(Working data begins)

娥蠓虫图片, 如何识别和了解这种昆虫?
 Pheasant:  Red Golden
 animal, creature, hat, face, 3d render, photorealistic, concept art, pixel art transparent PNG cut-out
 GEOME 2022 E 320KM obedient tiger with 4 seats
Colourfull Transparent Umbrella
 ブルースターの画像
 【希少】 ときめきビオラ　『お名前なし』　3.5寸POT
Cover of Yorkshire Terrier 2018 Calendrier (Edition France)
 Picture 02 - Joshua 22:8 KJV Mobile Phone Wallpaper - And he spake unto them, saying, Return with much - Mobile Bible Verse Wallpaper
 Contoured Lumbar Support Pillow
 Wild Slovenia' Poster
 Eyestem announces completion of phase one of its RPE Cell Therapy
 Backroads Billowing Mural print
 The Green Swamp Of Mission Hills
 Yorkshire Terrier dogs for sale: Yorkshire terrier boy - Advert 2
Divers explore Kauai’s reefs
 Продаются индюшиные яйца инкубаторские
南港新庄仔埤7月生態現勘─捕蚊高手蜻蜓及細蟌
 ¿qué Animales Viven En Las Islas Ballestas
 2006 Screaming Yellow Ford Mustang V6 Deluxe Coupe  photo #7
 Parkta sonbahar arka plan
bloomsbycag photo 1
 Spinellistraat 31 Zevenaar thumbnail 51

(Working data ends)

> [Task details]: Please quote nothing but the lines from the line with "Las Islas Ballestas" through the end of the data above, exactly as written, ends included.

> [Answer box]:
 ¿qué Animales Viven En Las Islas Ballestas
 2006 Screaming Yellow Ford Mustang V6 Deluxe Coupe  photo #7
 Parkta sonbahar arka plan
bloomsbycag photo 1
 Spinellistraat 31 Zevenaar thumbnail 51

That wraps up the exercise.